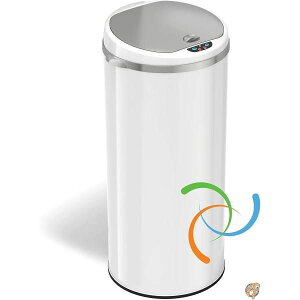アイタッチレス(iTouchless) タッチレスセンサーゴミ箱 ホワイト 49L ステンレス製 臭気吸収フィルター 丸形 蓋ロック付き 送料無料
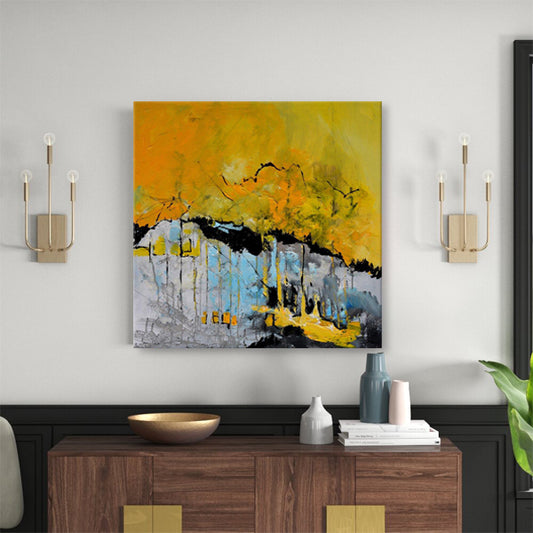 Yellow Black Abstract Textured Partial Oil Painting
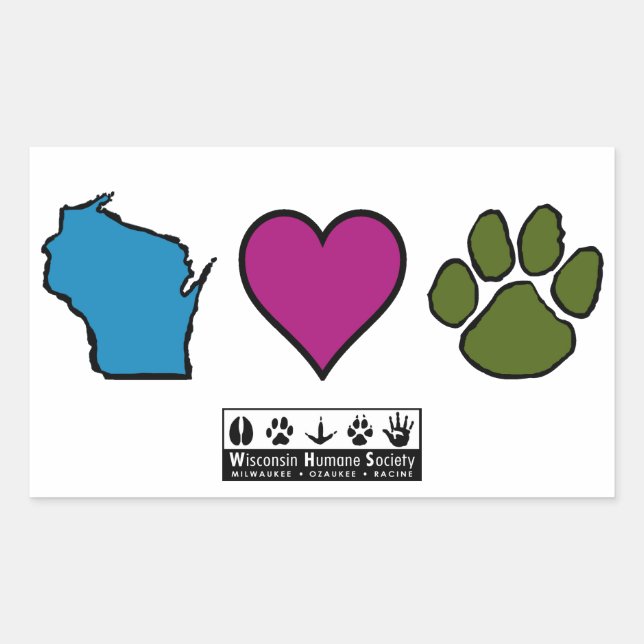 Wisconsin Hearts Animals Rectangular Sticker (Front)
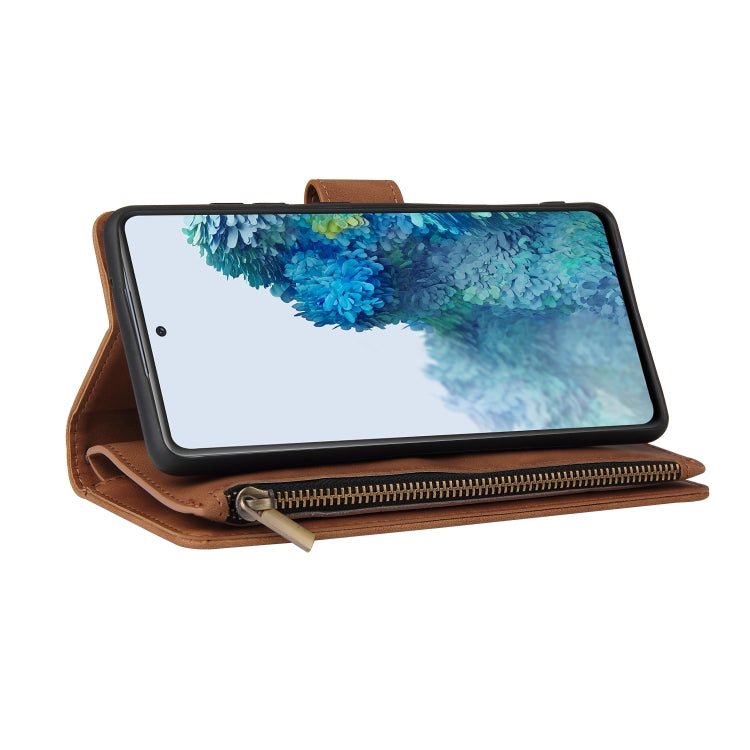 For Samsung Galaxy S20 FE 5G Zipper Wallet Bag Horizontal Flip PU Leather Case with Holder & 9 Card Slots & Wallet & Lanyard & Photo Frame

*Directions for this task*: Reproduce, word for word, every line from the one that contains "Yellow Black Abstract" to the end of the data, including both ends; omit all pictures.

*Task result*:
 Yellow Black Abstract Textured Partial Oil Painting
 Wisconsin Hearts Animals Rectangular Sticker (Front)
 For Samsung Galaxy S20 FE 5G Zipper Wallet Bag Horizontal Flip PU Leather Case with Holder & 9 Card Slots & Wallet & Lanyard & Photo Frame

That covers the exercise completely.